Bee: Maloofs on a tour of arena facilities

VF21

Super Moderator Emeritus
SME
#1
http://www.sacbee.com/content/sports/story/14313237p-15218671c.html

Maloofs are on a tour - of arena facilities

AUBURN HILLS, Mich. -- Joe and Gavin Maloof, who occupied their usual courtside seats during the best-of-five WNBA Finals series opener, are spending the off days touring a few of the newer venues, or at least those within a short charter flight away.

The Maloofs spent Wednesday in Memphis, getting an up-close-and-personal tour of the FedEx Forum from Memphis Grizzlies officials. Next up: the home of the Predators in Nashville, and if time allows, a quick visit to Columbus, Ohio.

"There were some things we liked," Joe Maloof said, "but there are some other things we would do differently."

Meanwhile, back at the Palace …

The 22,000-seat facility remains a functional NBA/WNBA wonder. It was built in 1988 for $90 million -- more than double the cost of Arco Arena -- within months of the increasingly obsolete facilities in Sacramento, Milwaukee and Orlando. Constructed with longevity in mind by Pistons/Shock owner William Davidson, a local businessman who maintains his offices on the premises, the arena just underwent a $20 million to $25 million renovation that added 13 suites (for a total of 192) and several restaurants, and expanded the concession areas.
 
#3
Well The Palace cost $90 million to build, I believe, the same year that a whopping $40 million was spent to build Arco. Despite what some people think, you often do get exactly what you pay for. Spend cheap and you get cheap.

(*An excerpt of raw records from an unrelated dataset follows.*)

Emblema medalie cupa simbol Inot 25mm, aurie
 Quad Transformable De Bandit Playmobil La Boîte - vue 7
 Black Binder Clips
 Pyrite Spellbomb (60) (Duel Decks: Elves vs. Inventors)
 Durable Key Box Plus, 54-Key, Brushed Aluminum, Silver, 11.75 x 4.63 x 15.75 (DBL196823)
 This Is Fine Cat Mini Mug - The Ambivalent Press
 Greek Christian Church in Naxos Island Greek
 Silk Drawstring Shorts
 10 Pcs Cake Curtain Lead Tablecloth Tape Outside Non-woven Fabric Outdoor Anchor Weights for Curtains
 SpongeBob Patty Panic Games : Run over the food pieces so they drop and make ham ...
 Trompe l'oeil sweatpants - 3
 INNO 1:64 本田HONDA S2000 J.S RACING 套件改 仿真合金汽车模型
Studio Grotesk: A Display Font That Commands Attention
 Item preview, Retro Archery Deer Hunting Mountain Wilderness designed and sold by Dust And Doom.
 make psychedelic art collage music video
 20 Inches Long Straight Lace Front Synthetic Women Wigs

Not that I blame Lukenbill. I think the original ownership group was pretty tapped out just buying the team. And they had no help from the City building the arena. Of course, that's why they were going bankrupt and floating in red ink. The city then had to give them a loan to stay afloat. Of course, we know they subsequently sold to the Maloofs.

Interestingly, I think it was Gavin on the radio that said MSE has lost money 5 out of 8 years. They have also projected that MSE over the 30-year lease, will lose money 15 of those years. I'm sure that's a conservative estimate on their part, but probably meant to be a safe estimate.
So if the City were to share the revenue, would the City also want to absorb loses in any down year? Of course not. They just get the rent check every year, regardless of losses for MSE. Much safer bet for the City.

Incidentally, the lack of much cash flow is exactly why arenas need public subsidy. No bank is going to touch a deal where even some negaticve cash flow indicates an inability to make loan payments.

Paul Allen is the 6th richest man in the entire world and his Rose Garden went bankrupt. He makes the Maloofs look like paupers.:eek:
 
#5
Franchises have generally been a good investment in terms of increasing value. Similar to buying real estate. Generally, increases in value over time (especially in CA;)). Of course, you don't realize the profit until you sell.